We bought into DRI last year from DRI. We paid substantially less than their advertised retail price. We bought in the Hawaiian Collection. When you buy DRI resell on the secondary markets you are restricted to using those points only in their home collection ie US Collection, Hawaiian Collection, etc unless you do a trade through RCI or II. Within 45 days of buying we had 2 weeks in France 
booked a week in Normandy and a week in Royal Regency in Vincennes, Paris. We bought for easy access to Europe, Asia, and Africa without having to do a trade through RCI or II. We also have the ability to trade weeks in our primary timeshare Worldmark for DRI Points for substantially less than a Trade Fee 
through RCI or II. I have spend time learning how to do this and I can trade 14000 WM Points and end up with 15000 DRI Points. We can book directly with DRI into any DRI location - Home Collection 13 months out and other DRI locations 10 months out. So there are pluses to buying from DRI.


----------



## Michael1991 (Mar 29, 2016)

geist1223 said:


> ...When you buy DRI resell on the secondary markets you are restricted to using those points only in their home collection ie US Collection, Hawaiian Collection, etc unless you do a trade through RCI or II.

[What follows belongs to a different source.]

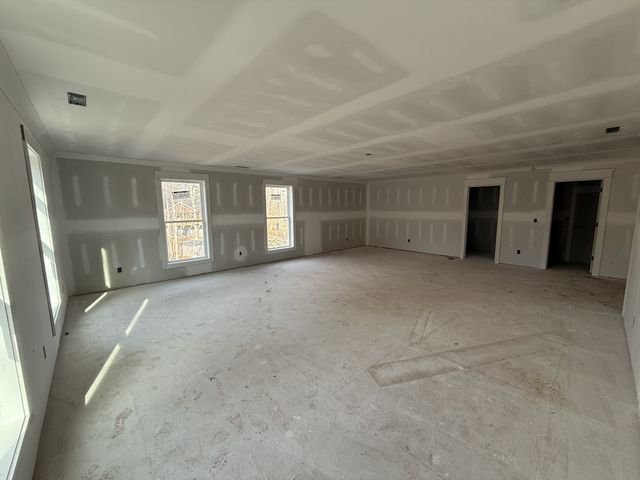 10022 Forest Lane, Bon Aqua, TN 37025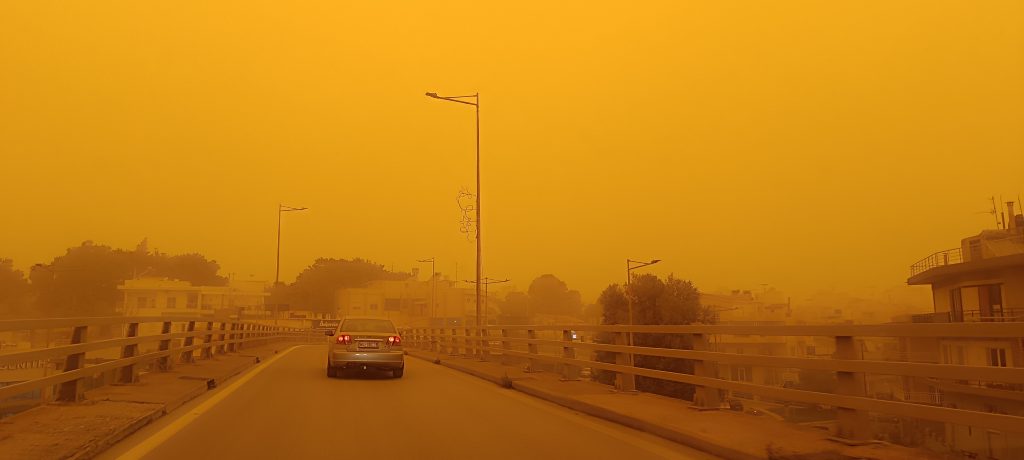 Ηράκλειο: Προβλήματα στις πτήσεις, απαγορευτικό απόπλου και κλειστά σχολεία λόγω αφρικανικής σκόνης και ανέμων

Resale point in the US, Hawaii or California collections cannot be used for exchange reservations with Interval International nor RCI.


----------



## clifffaith (Mar 29, 2016)

We LOVE the Royal Regency.  (Normandy not so much -- as gorgeous as the setting is, just too far out in the boondocks for us).  We've been to the RR half a dozen times, and boy did it come in handy the last time.  We were in Berlin, both sick, and there was a train strike on.  We were supposed to go on to Cologne but couldn't get there, and our plane home was from CDG.  Checked the website and we were able to book a room for two nights at the very last minute so that we could fly in and position ourselves to be able to catch our flight.  Spent the two days in bed except for pastry runs -- don't care how sick I am, I'm never too sick for French pastry!


----------



## awa (Mar 29, 2016)

*Something good*

It makes me sad that it's so hard to find people with good things to say. We are gold owners who picked up 20k resale points and bought 10k developer points at 2.50/pt to "clean" them and bring them into the club. They say the price per point now is $8 and that foreigners put themselves on waiting lists to have the chance to buy. Please. The sales presentations really are horrible. I don't wish them on anyone. But we have really enjoyed the resorts. All of them actually. As someone else said, their website is pretty good. You can do a lot without having to talk to a person. And if you learn the system you can get some great deals. We are happy and are even thinking about trying to get to platinum (I'm going to post the scenario and ask for advice separately). 
Unfortunately I didn't do a lot of research into other companies before engaging with DRI. We started with the sampler like you. I could share in more detail how I would do it differently if I could do it over, but the bottom line is that I would still do it.


----------



## artringwald (Mar 30, 2016)

dougp26364 said:


> Anything good to say? They have a good system using points to reserve timeshare units in a great variety of places. Overall they have consistent quality that can be relied on. They're online owner site is one of the better sites making it easy to search for and book reservations.
> 
> Now the bad: they're maintence fees rival those of the top brands without giving owners the same quality. Their resorts are in great destinations but, aren't typically located in prime locations. To use their internal system you have to pay their club dues, which is a pure management fee and is possibly the most expensive in the industry. Because of their trust ownership system, they control virtually all the resort HOA's, meaning owners have no say in the management/direction of the resort. They have a poison pill for resale points making this value nearly ZERO on the open market and making it difficult to rid yourself of your ownership when the time comes. Once you buy in, you re at their mercy.
> 
> Enjoy the sampler, then stay away from buying anything more from DRI.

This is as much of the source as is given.